Work order:
What are the lines from the top of the entries through the one with "Ready-made Flowers Push"? Write them out exactly, with no pictures.

Stored dataset items

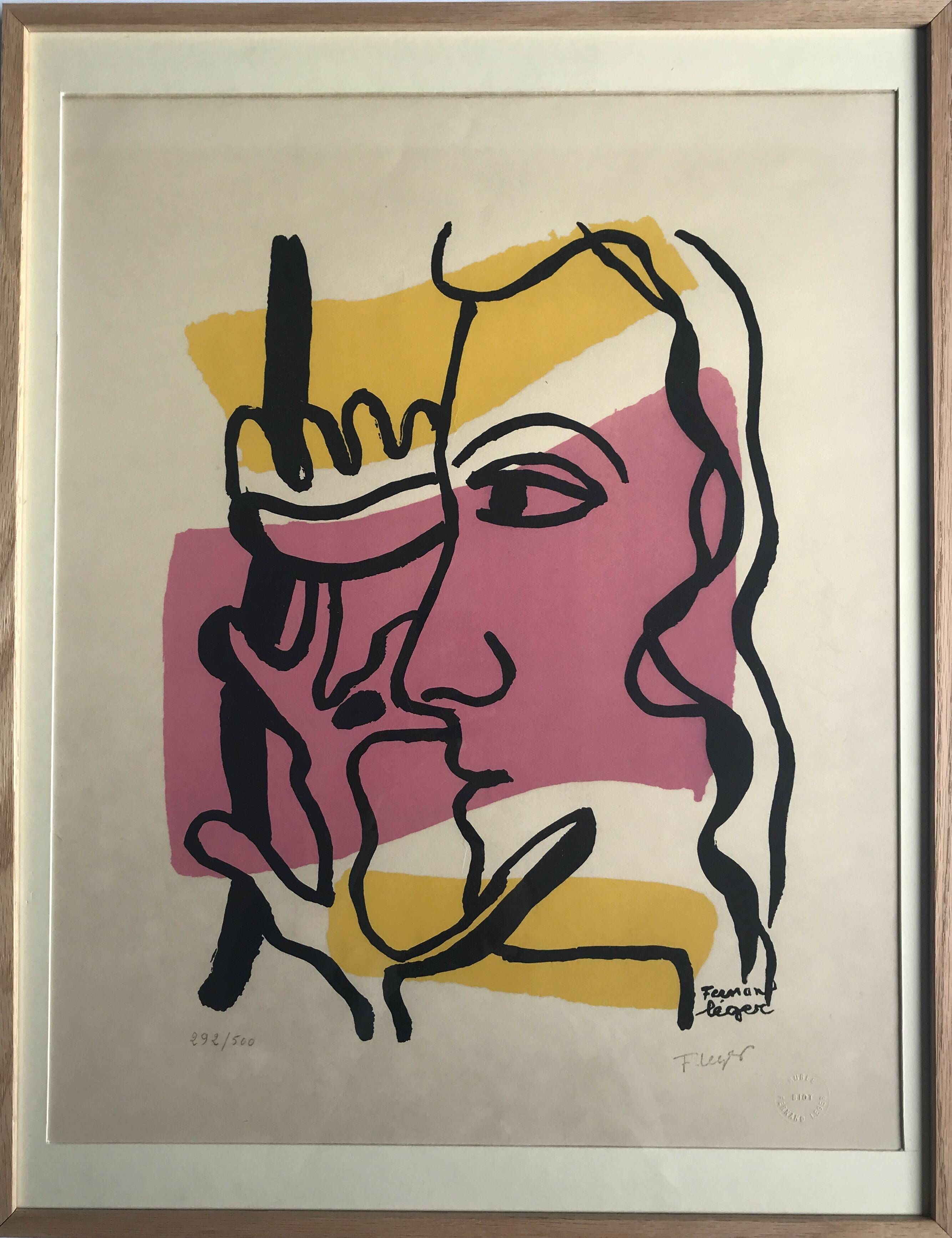 Fernand LEGER, Profile with Flower, c. 1948. Signed and stamped lithograph.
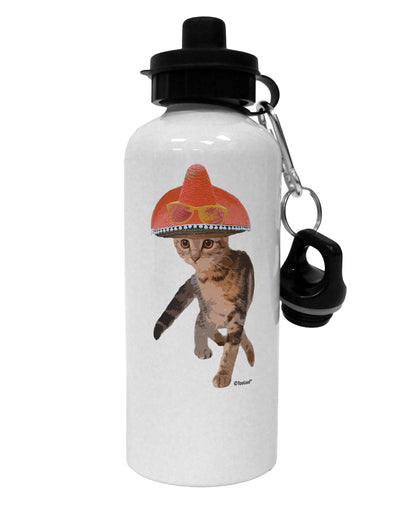 Cat with Sombrero and Sunglasses Aluminum 600ml Water Bottle by TooLoud-Water Bottles-TooLoud-White-Davson Sales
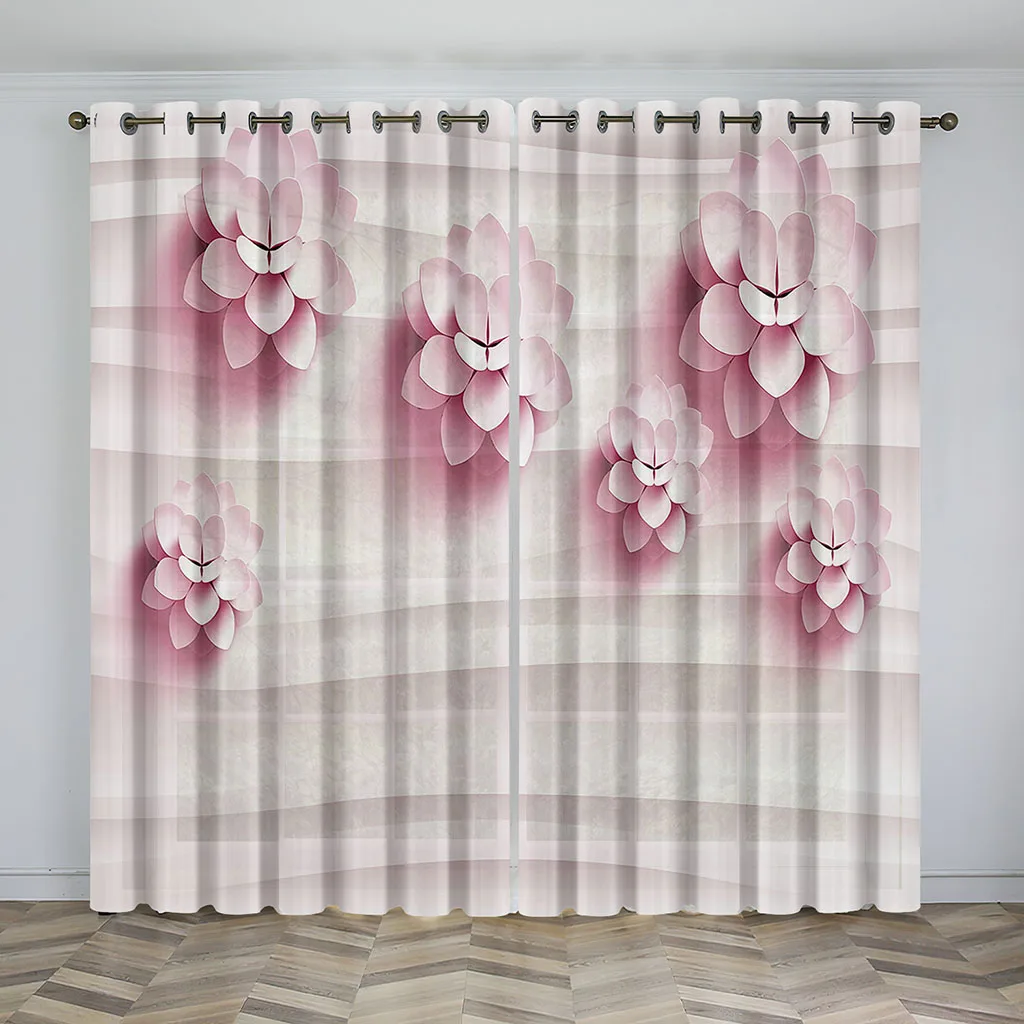 

Ready-made Flowers Push Thin Window Curtains For Kids Bedroom Living Room Bathroom Kicthen Door Hall Cupboard Home Decor2Pieces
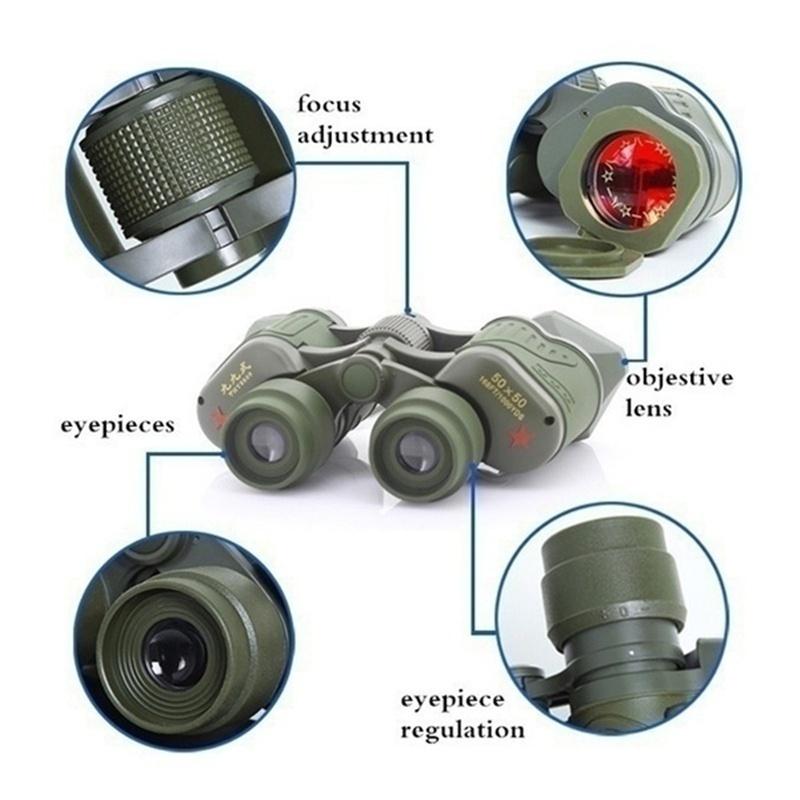 HD Portable 50x50 8m/1000m Professional Binoculars Army Military Telescope Night Vision Waterproof Outdoor Hiking Camping Hunting Optics Travel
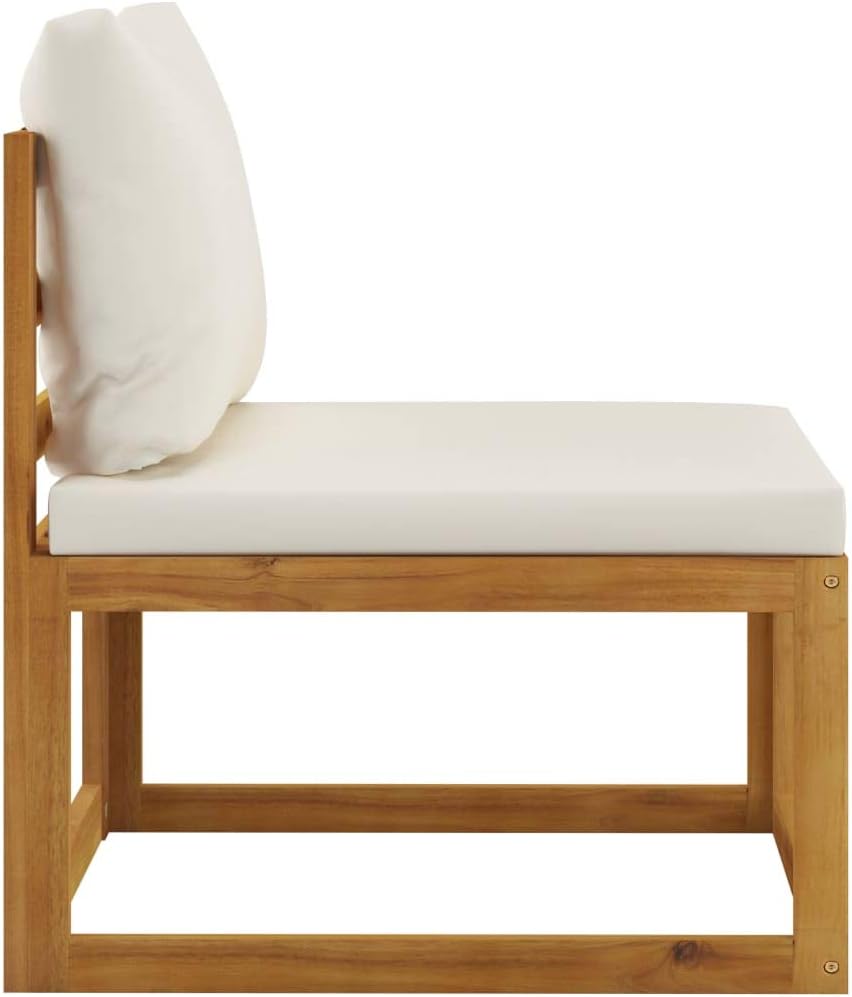 vidaXL 3 Piece Patio Lounge Set - Weather Resistant Outdoor Furniture with Cream Cushions, Solid Acacia Wood, Ideal for Garden/Patio/Balcony Spaces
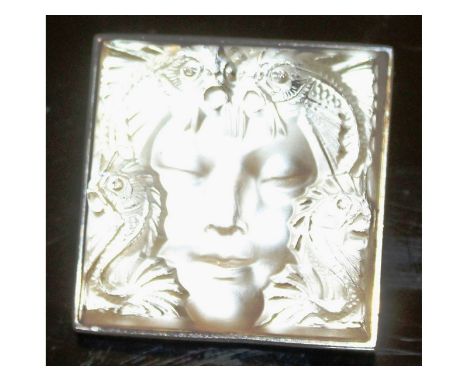 A rare Lalique silver .925 mounted square brooch, with a face in relief. 3cms x 3cms.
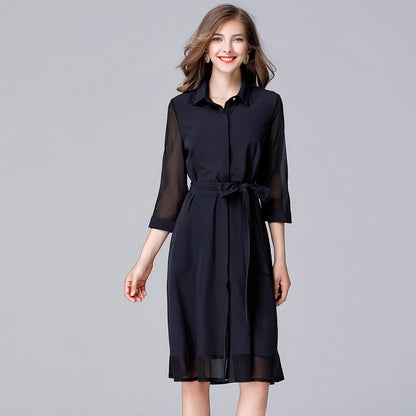 Clearance breasted dress Spring and Autumn new simple stitching cardigan dress plus-sized plus size 100.00kg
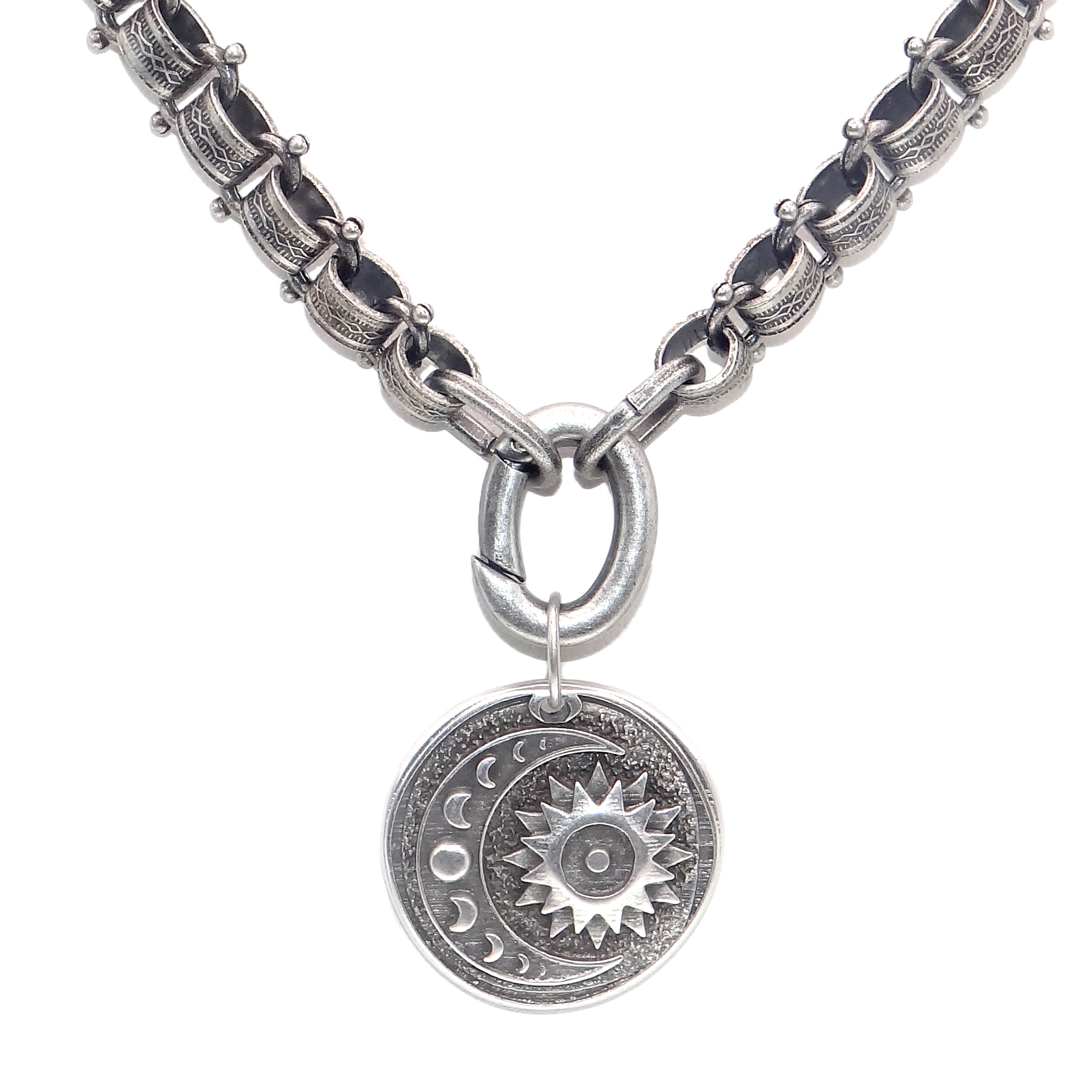 Antique Silver Sun and Moon Phase Pendant - for Him or for Her, Lunar ...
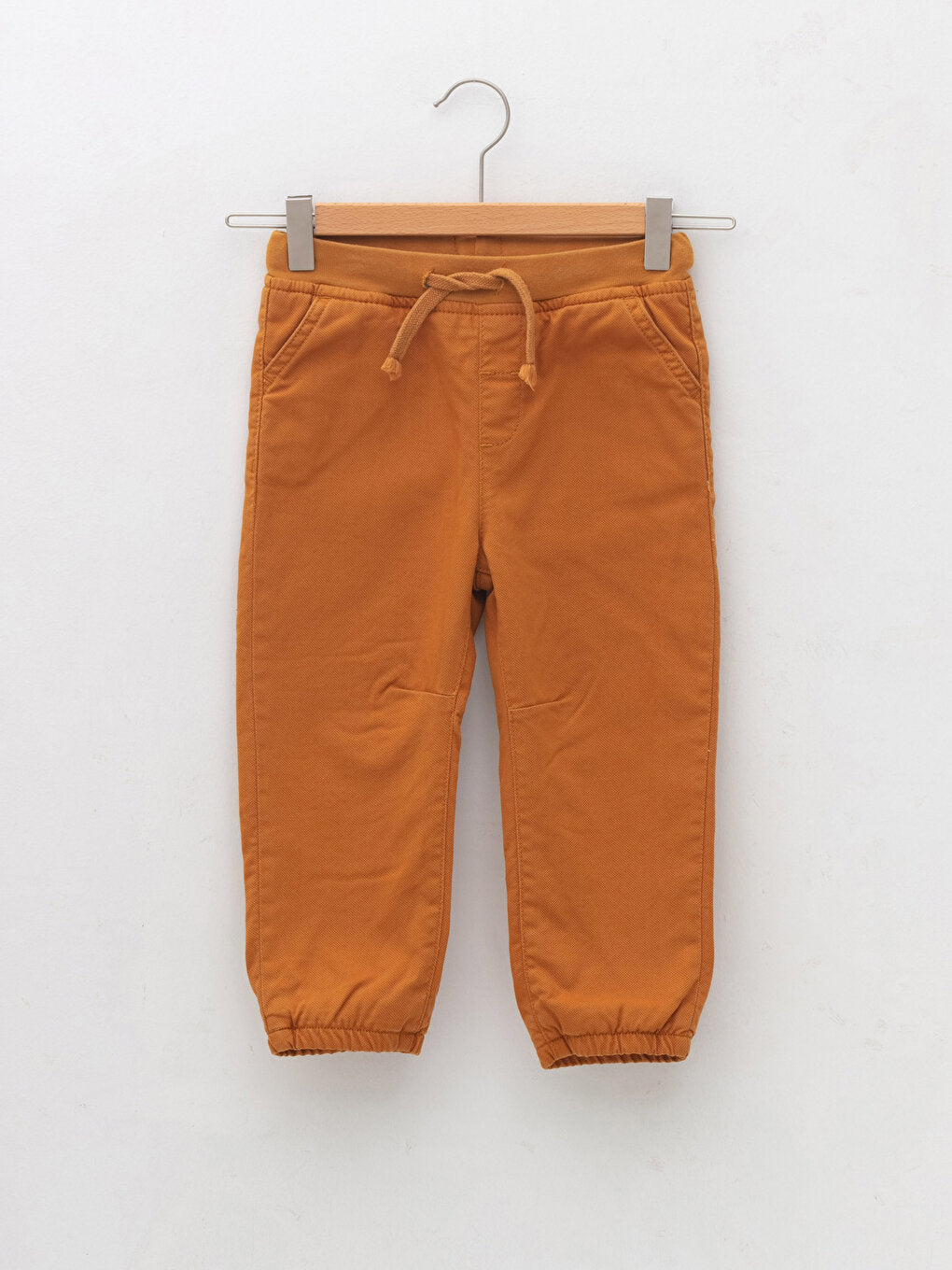 Basic Gabardine Baby Boy Trousers with Ribbed Waist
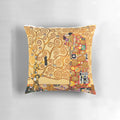 Decorative throw pillow featuring a vibrant and colorful Tree of Life design inspired by the famous artwork of Gustav Klimt.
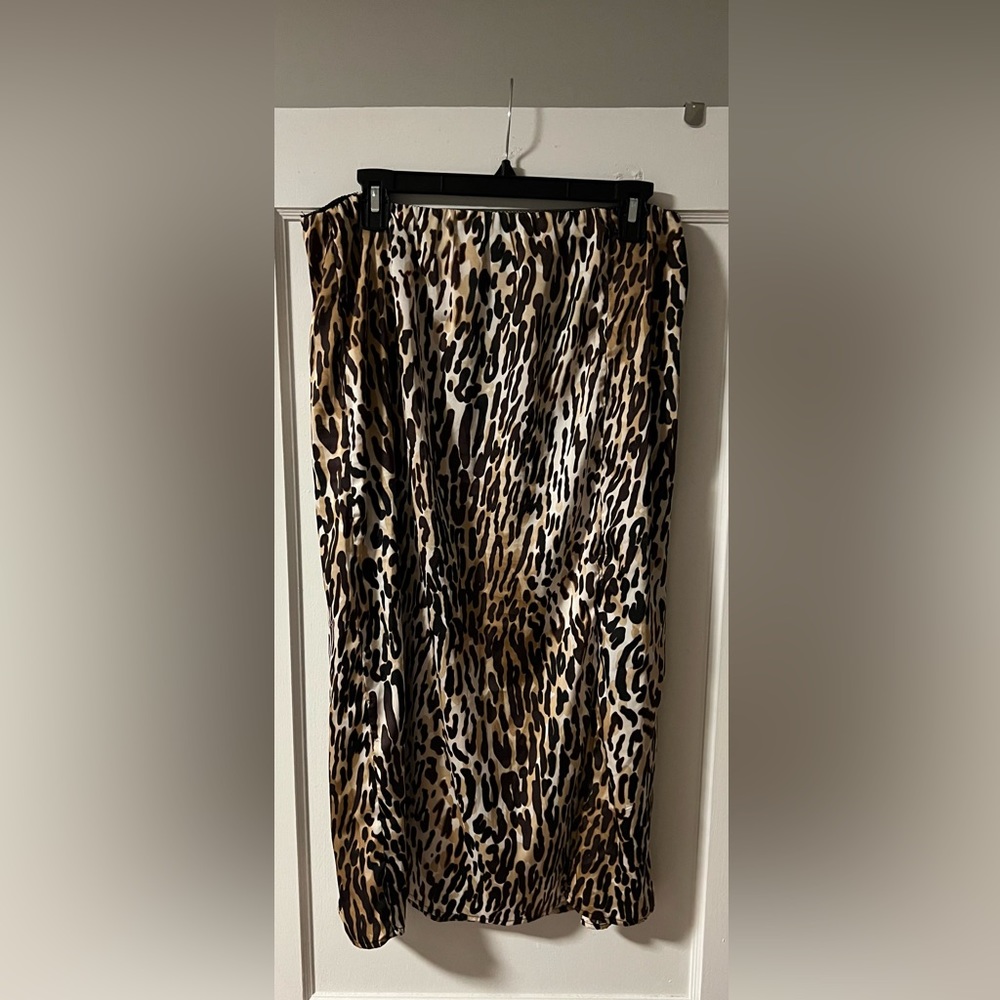 Faux silk animal print midi skirt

Task output:
 Fernand LEGER, Profile with Flower, c. 1948. Signed and stamped lithograph.
 Cat with Sombrero and Sunglasses Aluminum 600ml Water Bottle by TooLoud-Water Bottles-TooLoud-White-Davson Sales

Ready-made Flowers Push Thin Window Curtains For Kids Bedroom Living Room Bathroom Kicthen Door Hall Cupboard Home Decor2Pieces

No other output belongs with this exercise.